Just months past, the Soviets had tested their first nuclear weapon, years ahead of schedule. Mao had completed the Communist takeover of China, the “sleeping giant” of which FDR had warned the nation. Asia seemed lost, possibly as a result of Red traitors in the State Department Joe McCarthy charged, and Soviet tanks mustered in East Germany. The American forces facing off against them were meant at best to be a “trip wire,” to give the U.S. enough time to get its bombers in the air.
Too late. God has chosen Russia as His “chastening rod” and awarded her as her prize the flying saucers from the movies, the better to execute His wishes. Such was the writing on the screen. Scripture could not make it more plain: “In the first place,” declare the radio preachers,
we have the following biblical terminology which is descriptive of the Flying Saucer: Chariots of GOD, Wheels of Ezekiel and of Daniel, Glittering Spears, Shining Arrows, Flying Swords, Flying Sickles, Shafts of Lightning, Engines of War (from which are hurled Hailstones of Fire).
The list goes on:
Weapons of Indignation, Weapons out of His Armory, Weapons Out of Heaven, New Sharp Threshing Instrument, Whirlwinds, Burning Winds, Flaming Chariots, Armored Chariots, Chariots of Salvation.
Finally: “Clouds, when determined by context.”

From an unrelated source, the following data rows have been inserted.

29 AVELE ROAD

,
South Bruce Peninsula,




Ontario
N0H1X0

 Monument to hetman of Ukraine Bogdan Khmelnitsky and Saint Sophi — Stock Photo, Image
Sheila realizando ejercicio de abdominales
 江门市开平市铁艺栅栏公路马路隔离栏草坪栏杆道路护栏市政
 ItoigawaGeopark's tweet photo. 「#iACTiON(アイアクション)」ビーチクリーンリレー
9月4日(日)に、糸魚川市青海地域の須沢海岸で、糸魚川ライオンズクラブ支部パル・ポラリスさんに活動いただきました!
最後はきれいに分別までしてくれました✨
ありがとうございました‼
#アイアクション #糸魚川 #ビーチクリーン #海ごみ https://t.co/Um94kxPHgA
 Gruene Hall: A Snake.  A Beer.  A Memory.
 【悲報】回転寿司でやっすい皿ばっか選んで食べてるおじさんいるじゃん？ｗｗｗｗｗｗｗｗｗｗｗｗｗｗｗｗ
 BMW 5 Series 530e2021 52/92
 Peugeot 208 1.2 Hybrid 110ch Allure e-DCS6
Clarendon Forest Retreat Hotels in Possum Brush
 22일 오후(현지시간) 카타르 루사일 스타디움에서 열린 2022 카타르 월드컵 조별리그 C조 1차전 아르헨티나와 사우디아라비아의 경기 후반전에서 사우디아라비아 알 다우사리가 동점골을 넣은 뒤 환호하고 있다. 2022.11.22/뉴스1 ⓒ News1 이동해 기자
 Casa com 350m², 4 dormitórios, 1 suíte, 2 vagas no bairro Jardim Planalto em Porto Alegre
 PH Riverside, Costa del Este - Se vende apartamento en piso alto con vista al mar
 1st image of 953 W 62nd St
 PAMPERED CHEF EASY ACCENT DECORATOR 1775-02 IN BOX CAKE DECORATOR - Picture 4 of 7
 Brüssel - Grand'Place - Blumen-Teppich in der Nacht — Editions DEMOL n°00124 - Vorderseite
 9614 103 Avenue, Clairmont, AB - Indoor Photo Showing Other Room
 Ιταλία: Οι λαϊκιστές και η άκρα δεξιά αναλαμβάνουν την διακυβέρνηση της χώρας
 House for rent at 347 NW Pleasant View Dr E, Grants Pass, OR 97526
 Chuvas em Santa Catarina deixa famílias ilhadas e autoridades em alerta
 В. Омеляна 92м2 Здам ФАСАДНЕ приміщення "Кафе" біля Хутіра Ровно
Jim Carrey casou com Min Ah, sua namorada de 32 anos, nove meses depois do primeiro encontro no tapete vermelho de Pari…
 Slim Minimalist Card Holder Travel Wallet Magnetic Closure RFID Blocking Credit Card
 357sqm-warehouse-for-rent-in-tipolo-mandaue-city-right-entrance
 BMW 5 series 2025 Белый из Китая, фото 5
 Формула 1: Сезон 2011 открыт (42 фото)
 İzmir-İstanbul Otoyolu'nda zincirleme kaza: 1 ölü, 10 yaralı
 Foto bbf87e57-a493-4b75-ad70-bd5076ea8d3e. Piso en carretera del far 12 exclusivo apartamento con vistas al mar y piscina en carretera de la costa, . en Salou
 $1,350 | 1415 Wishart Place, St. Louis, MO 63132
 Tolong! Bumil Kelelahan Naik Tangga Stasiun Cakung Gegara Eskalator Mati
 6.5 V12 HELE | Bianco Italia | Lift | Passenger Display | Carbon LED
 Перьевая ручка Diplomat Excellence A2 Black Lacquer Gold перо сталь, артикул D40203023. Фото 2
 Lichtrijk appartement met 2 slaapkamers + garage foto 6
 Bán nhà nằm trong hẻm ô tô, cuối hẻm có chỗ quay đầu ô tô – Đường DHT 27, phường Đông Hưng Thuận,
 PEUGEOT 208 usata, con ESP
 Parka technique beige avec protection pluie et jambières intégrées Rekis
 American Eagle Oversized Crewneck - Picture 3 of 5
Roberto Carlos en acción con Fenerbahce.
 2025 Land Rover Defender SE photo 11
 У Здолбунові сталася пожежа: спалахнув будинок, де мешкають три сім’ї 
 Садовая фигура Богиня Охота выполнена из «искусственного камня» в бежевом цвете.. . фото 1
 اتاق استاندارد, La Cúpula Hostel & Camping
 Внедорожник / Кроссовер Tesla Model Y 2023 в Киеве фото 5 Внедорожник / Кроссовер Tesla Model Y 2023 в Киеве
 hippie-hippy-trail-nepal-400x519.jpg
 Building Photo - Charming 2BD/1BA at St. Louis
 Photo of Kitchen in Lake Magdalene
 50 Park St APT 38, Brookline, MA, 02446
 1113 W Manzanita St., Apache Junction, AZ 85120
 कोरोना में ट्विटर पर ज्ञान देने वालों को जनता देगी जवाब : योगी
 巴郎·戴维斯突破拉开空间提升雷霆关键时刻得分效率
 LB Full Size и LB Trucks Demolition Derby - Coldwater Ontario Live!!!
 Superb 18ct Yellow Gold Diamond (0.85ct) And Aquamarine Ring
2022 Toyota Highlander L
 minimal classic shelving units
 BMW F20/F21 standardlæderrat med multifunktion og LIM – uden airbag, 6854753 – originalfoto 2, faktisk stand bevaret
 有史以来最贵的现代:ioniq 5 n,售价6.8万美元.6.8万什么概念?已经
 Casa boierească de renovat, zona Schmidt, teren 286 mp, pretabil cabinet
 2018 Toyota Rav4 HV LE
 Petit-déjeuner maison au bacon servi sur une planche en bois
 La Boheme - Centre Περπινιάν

The Christianity of American fundamentalism is a faith for futurists, the sort of people who delight in imagining what is to come next, even if it’s awful. The brightest of the believers realize that to hone one’s predictions, one must study the past as well. Our Ohio radio men declare that to be wise as serpents, one must be both a futurist and a historian. But World War II had changed the steady plod of Christian futurism, quickened it. Fundamentalism had at times raced toward apocalypse before, but never with such technology at its disposal—no rockets, no bombers, no nuclear missiles. The stakes are higher, the enemy stronger. In 1950, American fundamentalism responds with great imagination, not just following the popular trend of spotting flying saucers and aliens among us, but driving it into the future, old time religion resurrecting as the cyborg doctrine—part faith, part technology—that hums and blinks and winks from from the same screen on which you are reading this transmission from fundamentalism’s past.